[Extracted data entries]
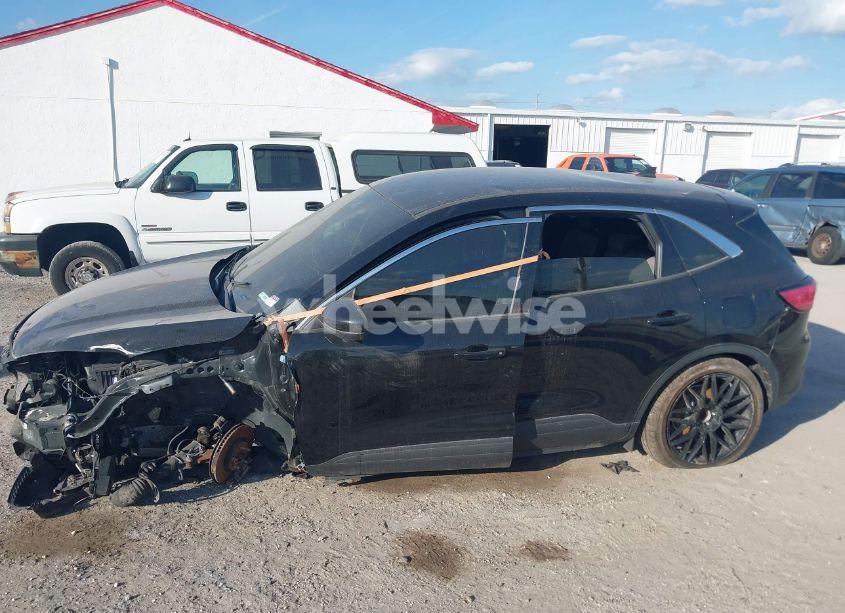 Photo 13 of 2021 Ford Escape SE (VIN 1FMCU0G65MUB00245)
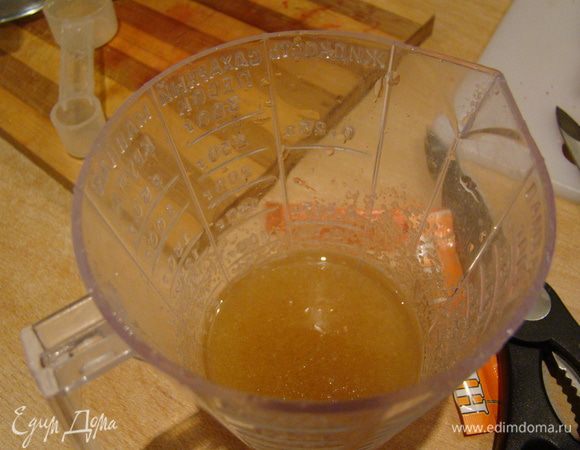 Желатин (кол-во выбирайте в зависимости от производителя и качества самого, с учетом того, что для кислой основы желатина требуется больше, чем обычно) заливаем водой для набухания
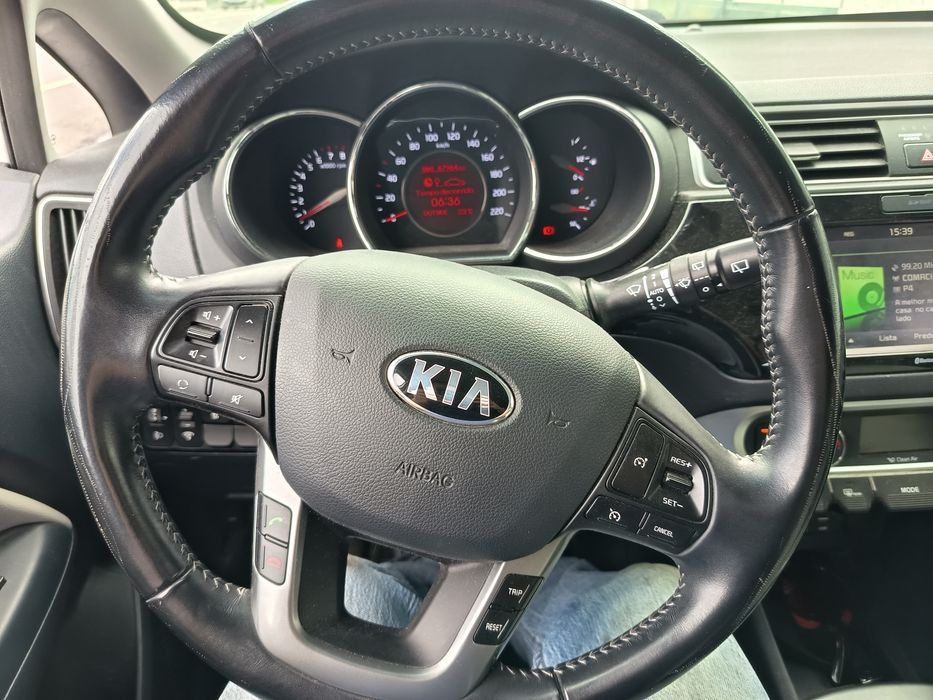 Kia rio  1200 nacional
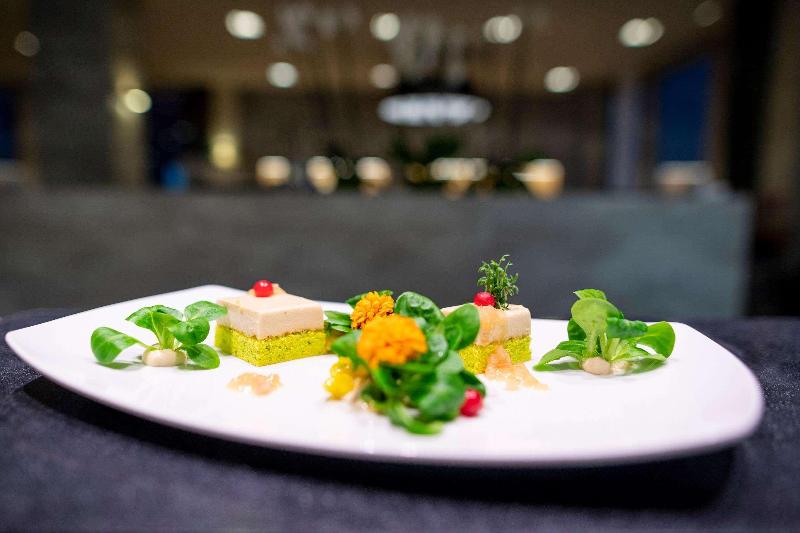 Отель Platzhirsch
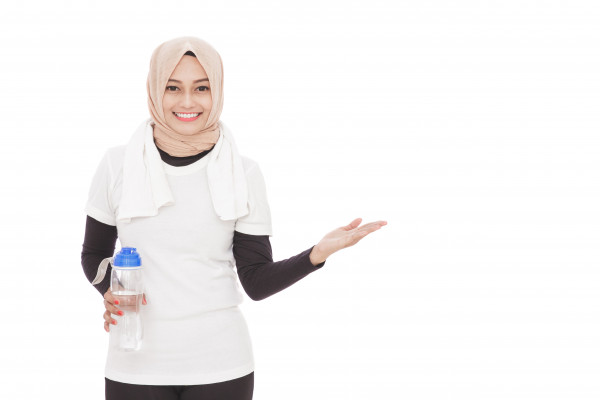 Minum air 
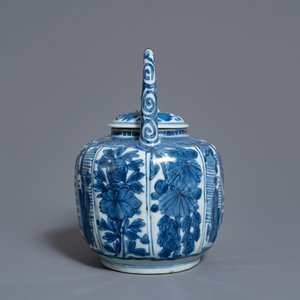 Une verseuse à vin en porcelaine de Chine en bleu et blanc, Wanli — photo 5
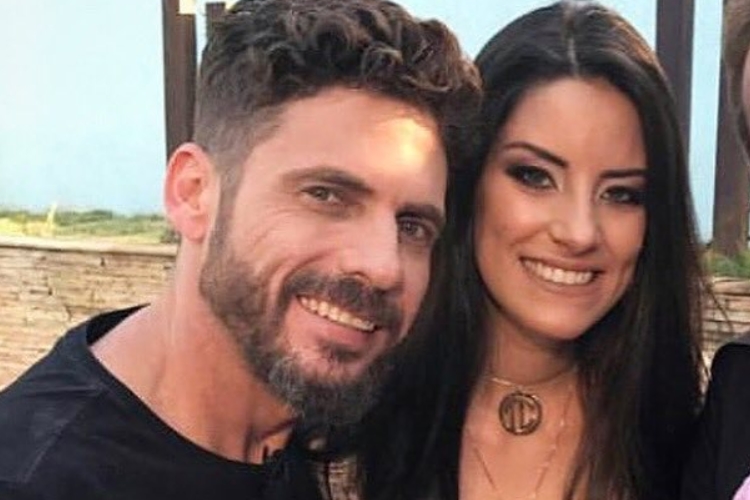 Esposa do sertanejo Hudson investe na carreira como cantora aos 24 anos
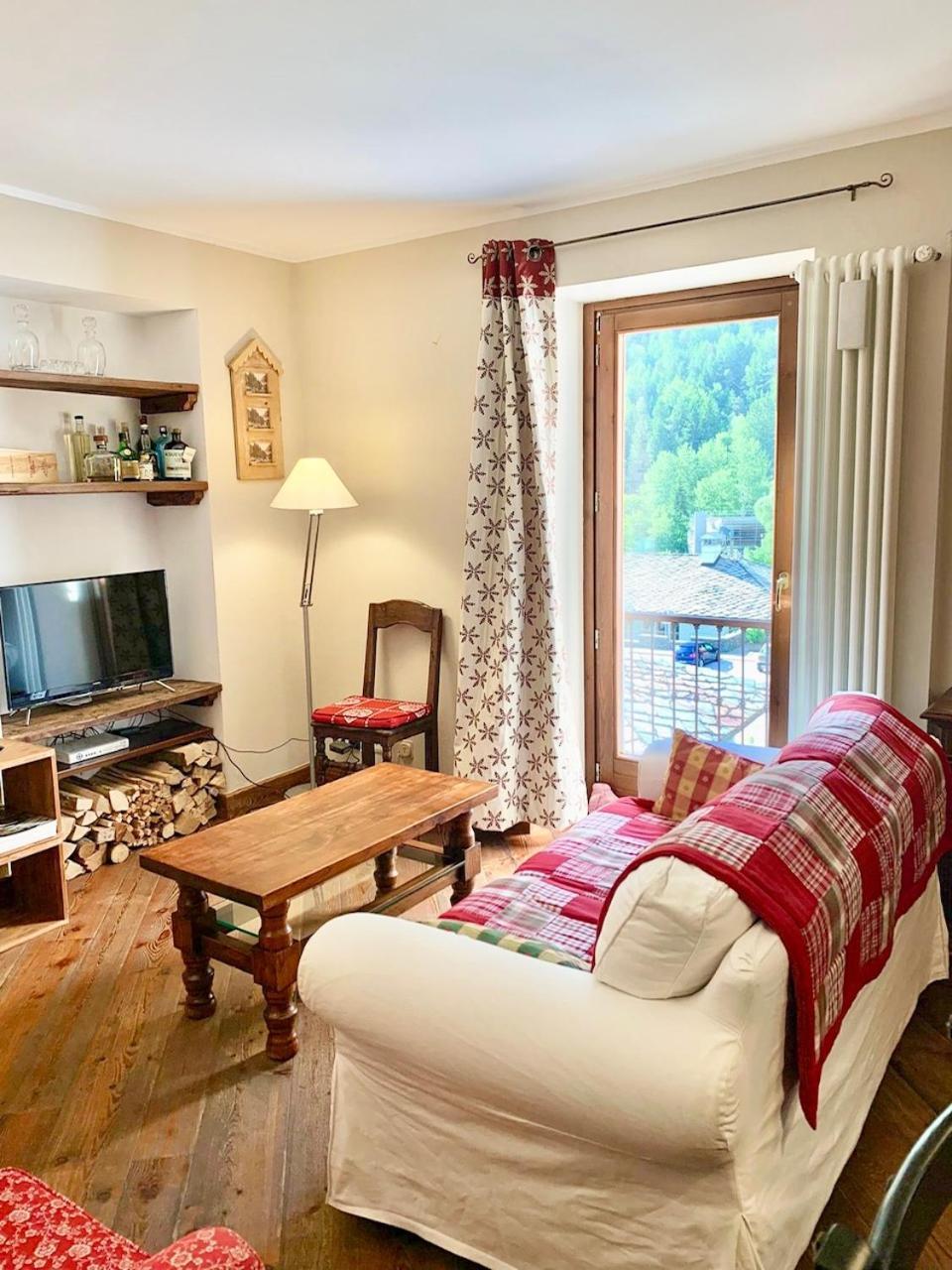 Maison Lalla Cir 0070 Pré-Saint-Didier Εξωτερικό φωτογραφία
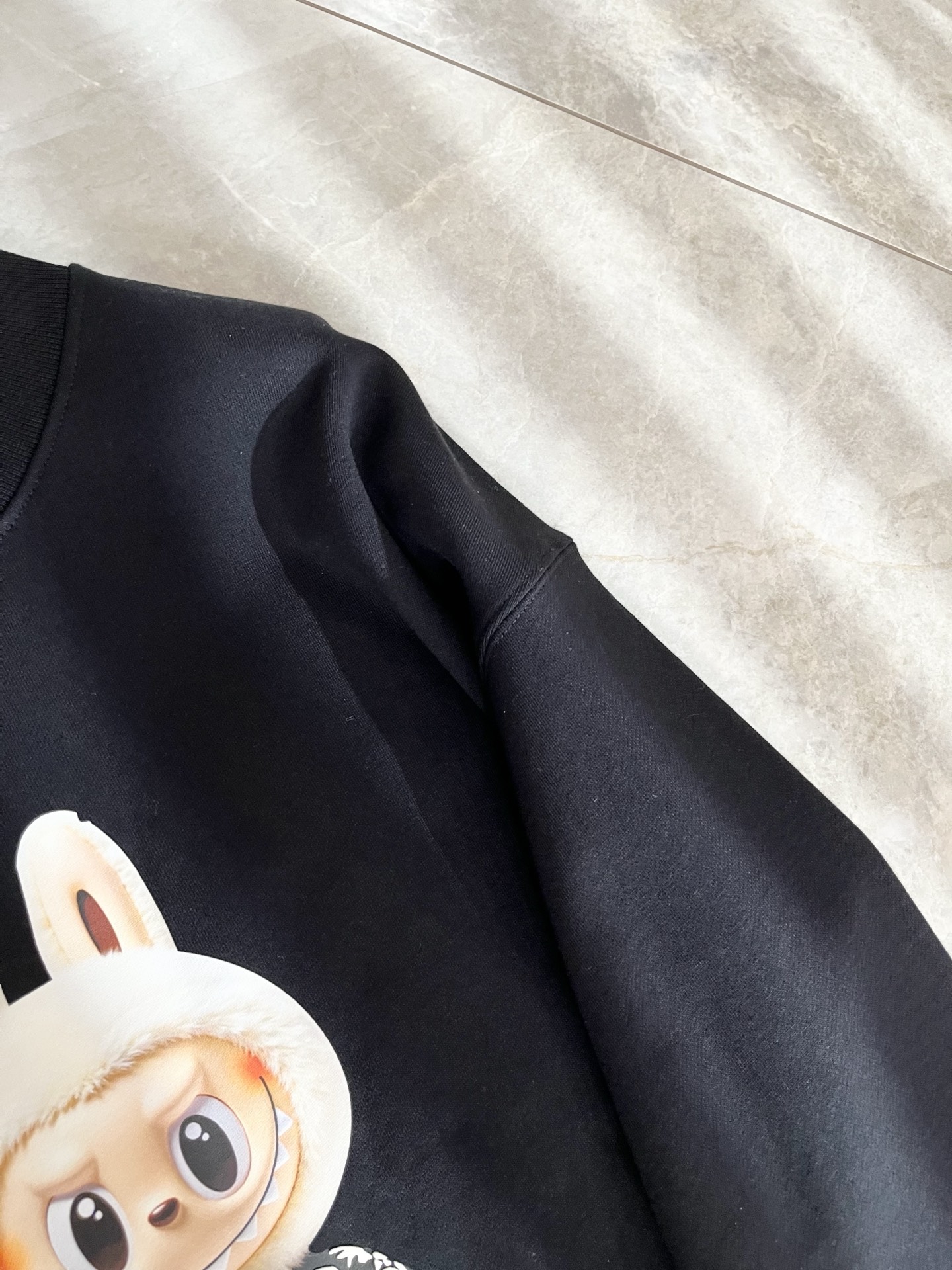 LouisVuitt*路易*登 2025卫衣全新系列单品上线，非常时髦前卫的一款男女同款短袖T恤，标识l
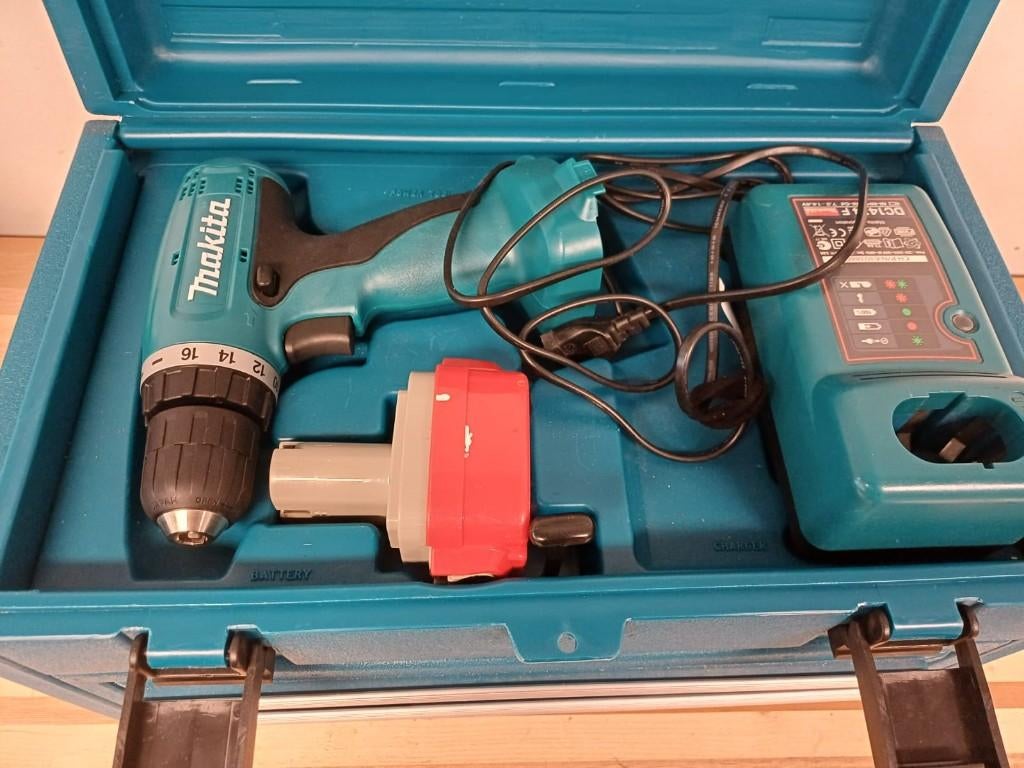 Makita Boor-/schroefmachine 6270D in koffer, Ophalen of Verzenden, Gebruikt, Boor- en Schroefmachine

• **Your instructions**
Output, exactly and only, the lines beginning with the one that contains "Maison Lalla Cir" and ending at the last line of the records above. Drop the pictures.

• **The answer**
 Maison Lalla Cir 0070 Pré-Saint-Didier Εξωτερικό φωτογραφία
 LouisVuitt*路易*登 2025卫衣全新系列单品上线，非常时髦前卫的一款男女同款短袖T恤，标识l
 Makita Boor-/schroefmachine 6270D in koffer, Ophalen of Verzenden, Gebruikt, Boor- en Schroefmachine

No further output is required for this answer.